Spätestens hier zieht bei dem einen oder anderen etwas Wehmut durchs Gemüt, wohl wissend wie groß Weißwassers Glasindustrie mal war, dass es auch hier eine Glasfachschule gegeben hat. Dennoch spielt Glas weiterhin eine große Rolle in Weißwasser. Stölzle Lausitz, Telux und SpiegelArt halten die Fahne auch mit ihren Innovationen hoch.
Um so trauriger ist es, dass kein Vertreter dieser Firmen der Einladung zur Ausstellungseröffnung gefolgt ist, findet Christine Lehmann. Auch die Stadträte glänzen bis auf eine Person durch Abwesenheit.

Die Ausstellung

Das Glasmuseum Weißwasser ist für das 8. Internationale Symposium des gravierten Glases, den der gleichnamige Verein sowie die Glasfachschule in Kamenicky Senov ausgerichtet haben, Projektpartner.
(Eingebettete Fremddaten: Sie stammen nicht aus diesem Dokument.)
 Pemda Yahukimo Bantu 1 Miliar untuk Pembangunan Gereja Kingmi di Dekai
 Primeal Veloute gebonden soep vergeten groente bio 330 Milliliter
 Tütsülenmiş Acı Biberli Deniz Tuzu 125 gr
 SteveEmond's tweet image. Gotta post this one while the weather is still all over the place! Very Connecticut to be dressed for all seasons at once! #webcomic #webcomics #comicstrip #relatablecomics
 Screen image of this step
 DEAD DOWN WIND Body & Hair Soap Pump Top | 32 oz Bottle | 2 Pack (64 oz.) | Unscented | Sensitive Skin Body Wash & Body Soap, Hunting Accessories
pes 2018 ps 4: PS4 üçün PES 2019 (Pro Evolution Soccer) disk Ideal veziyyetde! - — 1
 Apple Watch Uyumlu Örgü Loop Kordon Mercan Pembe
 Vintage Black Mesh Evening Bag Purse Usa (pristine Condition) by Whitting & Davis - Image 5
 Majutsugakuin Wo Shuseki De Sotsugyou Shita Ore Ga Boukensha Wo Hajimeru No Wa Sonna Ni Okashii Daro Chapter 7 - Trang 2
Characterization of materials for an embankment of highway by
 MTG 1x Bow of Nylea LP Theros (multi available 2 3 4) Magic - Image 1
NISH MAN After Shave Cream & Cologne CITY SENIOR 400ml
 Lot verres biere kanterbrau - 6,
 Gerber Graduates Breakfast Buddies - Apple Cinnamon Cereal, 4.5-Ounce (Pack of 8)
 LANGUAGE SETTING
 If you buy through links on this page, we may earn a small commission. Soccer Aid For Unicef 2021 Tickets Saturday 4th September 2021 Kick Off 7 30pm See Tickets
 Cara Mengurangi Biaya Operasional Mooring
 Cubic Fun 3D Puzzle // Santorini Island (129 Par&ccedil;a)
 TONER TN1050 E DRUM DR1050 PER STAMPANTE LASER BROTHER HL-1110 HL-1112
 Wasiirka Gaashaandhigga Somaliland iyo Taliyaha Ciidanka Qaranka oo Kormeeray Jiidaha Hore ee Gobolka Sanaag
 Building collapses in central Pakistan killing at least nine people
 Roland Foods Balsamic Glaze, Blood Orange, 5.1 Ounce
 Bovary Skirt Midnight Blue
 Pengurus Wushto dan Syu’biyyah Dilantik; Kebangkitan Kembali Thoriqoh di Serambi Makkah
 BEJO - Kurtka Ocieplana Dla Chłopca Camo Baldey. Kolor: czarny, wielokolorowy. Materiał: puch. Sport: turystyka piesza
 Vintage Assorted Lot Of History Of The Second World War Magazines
Die Glasarbeiten wurden von Teilnehmern aus Litauen, Lettland, Bulgarien, Mazedonien, Finnland, Brasilien, Rumänien und Deutschland angefertigt.
„Gravur/modern“ ist bis zum 4. Juni zu folgenden Öffnungszeiten zu sehen: Dienstag bis Freitag von 9 bis 16 Uhr, Sonnabend und Sonntag von 13 bis 17 Uhr.